Quantum mechanics normally shows its influence only for tiny particles at ultralow temperatures, but the team mixed electrons with light to synthesise supersized quantum particles the thickness of a human hair, that behave like superconductors.

Building microscopic cavities which tightly trap light into the vicinity of within the chip, they produced new particles called ‘polaritons’ which weigh very little, encouraging them to roam widely.

Dr. Gab Christmann working with Professor Jeremy Baumberg and Dr. Natalia Berloff of the University of Cambridge, together with a team in Crete, produced the special new samples needed which allow the polaritons to flow around at will without getting stuck.

Injecting them in two laser spots, they found that the resulting quantum fluid spontaneously started oscillating backwards and forwards, in the process forming some of the most characteristic quantum pendulum states known to scientists, but thousands of times larger than normal.

According to Christmann: “These polaritons overwhelmingly prefer to march in step with each other, entangling themselves quantum mechanically.”

The resulting quantum liquid has some peculiar properties, including trying to repel itself. It can also only swirl around in fixed amounts, producing vortices laid out in regular lines.

By moving the laser beams apart, Dr. Christmann and his colleagues directly controlled the sloshing of the quantum liquid, forming a pendulum beating a million times faster than a human heart.

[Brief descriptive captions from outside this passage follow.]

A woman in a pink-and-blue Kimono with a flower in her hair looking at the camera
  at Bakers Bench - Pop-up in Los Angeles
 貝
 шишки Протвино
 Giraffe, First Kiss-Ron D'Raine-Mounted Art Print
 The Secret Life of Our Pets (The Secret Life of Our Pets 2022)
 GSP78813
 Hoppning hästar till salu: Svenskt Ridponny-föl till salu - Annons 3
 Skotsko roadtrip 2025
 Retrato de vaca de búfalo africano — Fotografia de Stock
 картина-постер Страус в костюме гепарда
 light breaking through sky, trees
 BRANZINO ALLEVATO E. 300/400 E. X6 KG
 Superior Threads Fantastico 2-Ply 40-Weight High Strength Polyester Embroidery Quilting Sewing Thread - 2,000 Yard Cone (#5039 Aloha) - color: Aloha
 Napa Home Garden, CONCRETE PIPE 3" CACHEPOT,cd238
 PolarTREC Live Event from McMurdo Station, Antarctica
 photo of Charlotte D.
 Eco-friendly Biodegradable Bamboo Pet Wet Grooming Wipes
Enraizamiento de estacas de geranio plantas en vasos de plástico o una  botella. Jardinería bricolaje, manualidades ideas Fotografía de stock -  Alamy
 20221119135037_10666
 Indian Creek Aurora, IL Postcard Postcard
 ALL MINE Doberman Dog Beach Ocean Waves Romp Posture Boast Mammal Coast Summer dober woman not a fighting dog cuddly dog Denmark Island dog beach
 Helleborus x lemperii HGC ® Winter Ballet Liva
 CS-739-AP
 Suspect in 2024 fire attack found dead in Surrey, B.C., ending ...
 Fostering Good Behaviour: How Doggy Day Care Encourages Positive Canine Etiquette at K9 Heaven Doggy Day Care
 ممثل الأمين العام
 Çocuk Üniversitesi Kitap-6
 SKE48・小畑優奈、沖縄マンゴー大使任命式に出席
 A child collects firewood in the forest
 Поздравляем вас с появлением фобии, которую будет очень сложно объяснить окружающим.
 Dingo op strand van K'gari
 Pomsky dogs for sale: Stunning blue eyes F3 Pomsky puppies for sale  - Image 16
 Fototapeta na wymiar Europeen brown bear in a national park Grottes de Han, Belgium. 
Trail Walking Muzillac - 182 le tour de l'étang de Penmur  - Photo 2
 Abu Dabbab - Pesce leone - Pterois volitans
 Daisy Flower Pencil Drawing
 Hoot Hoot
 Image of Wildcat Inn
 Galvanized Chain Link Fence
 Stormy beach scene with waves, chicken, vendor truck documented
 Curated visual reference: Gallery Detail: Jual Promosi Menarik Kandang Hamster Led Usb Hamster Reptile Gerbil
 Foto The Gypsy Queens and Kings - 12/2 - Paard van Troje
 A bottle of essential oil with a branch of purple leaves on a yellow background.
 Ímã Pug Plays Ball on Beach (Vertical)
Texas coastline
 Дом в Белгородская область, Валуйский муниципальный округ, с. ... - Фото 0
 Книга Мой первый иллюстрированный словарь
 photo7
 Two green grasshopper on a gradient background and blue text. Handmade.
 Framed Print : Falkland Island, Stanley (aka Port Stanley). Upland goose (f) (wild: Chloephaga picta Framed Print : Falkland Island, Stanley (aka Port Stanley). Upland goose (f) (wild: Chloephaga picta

Dr. Christmann added:  “This is not something we ever expected to see directly, and it is miraculous how mirror-perfect our samples have to be.We can steer our rivers of polariton quantum liquid on the fly by scanning around the laser beams that create them.”

Increasing the number of creates even more complicated quantum states.

The goal of the work is to make such quantum states using an electrical battery and at room temperature, which would allow a new generation of ultrasensitive gyroscopes to measure gravity, magnetic field, and create quantum circuits.

But as Christmann says: “Just to see and prod working in front of your eyes is amazing.”

The research was funded by the Engineering and Physical Sciences Research Council and the EU.

Provided by University of Cambridge (news : web)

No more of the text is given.